Work item: From the material below, please set down exactly the lines starting with the one with "Young Woman in" and going on through the one with "Support pour ordinateur", without a single picture.

*** Working data ***

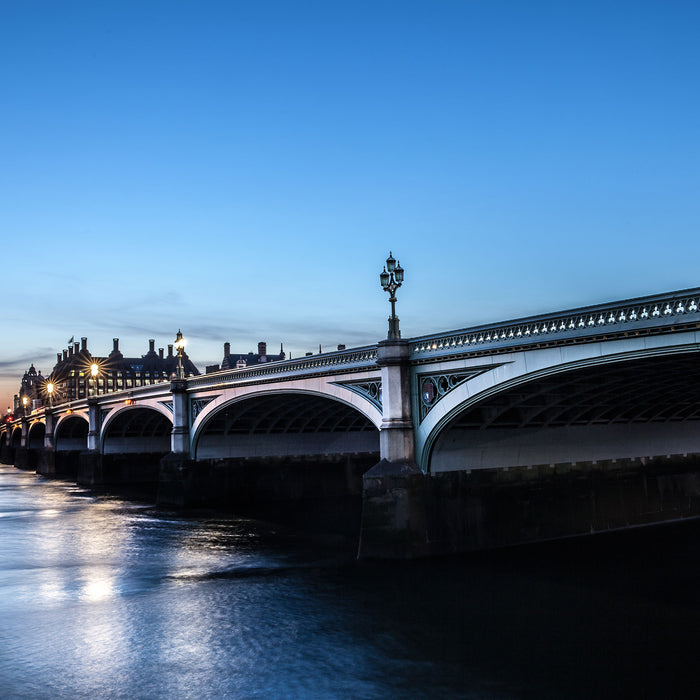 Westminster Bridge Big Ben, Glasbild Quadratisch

***
*** Working data ***

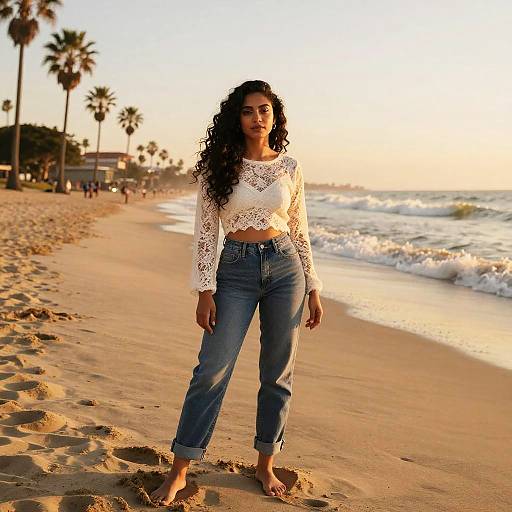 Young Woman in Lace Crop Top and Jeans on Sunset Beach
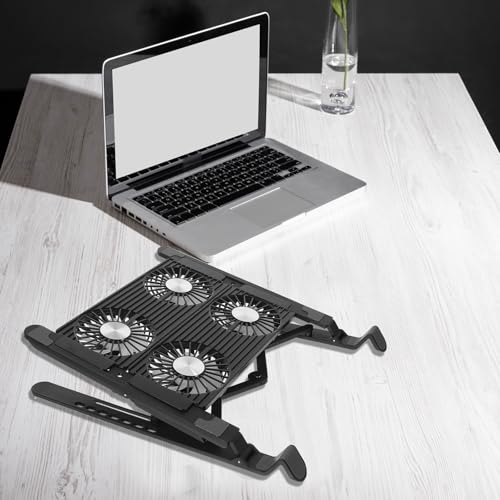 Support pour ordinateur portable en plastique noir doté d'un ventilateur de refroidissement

***
*** Working data ***

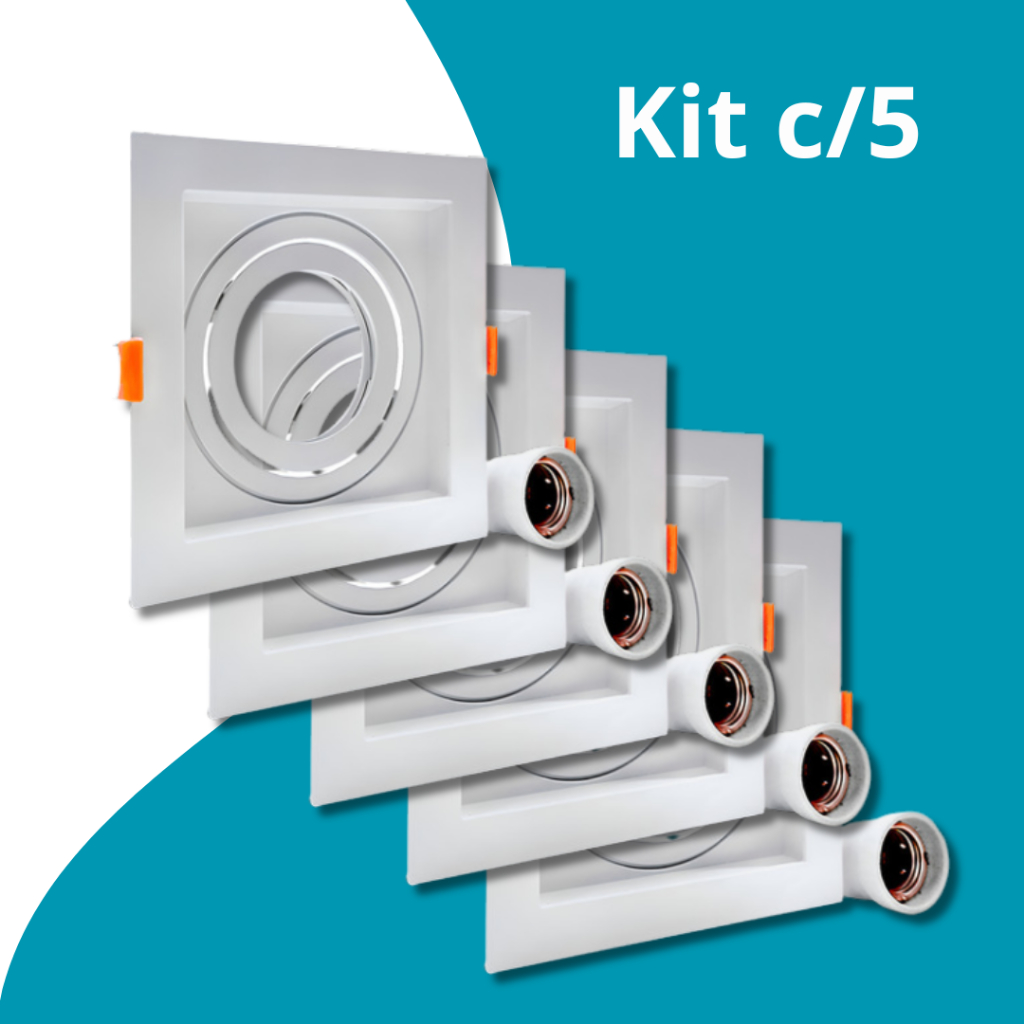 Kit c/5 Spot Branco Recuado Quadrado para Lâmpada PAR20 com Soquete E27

***

Exercise result:
 Young Woman in Lace Crop Top and Jeans on Sunset Beach
 Support pour ordinateur portable en plastique noir doté d'un ventilateur de refroidissement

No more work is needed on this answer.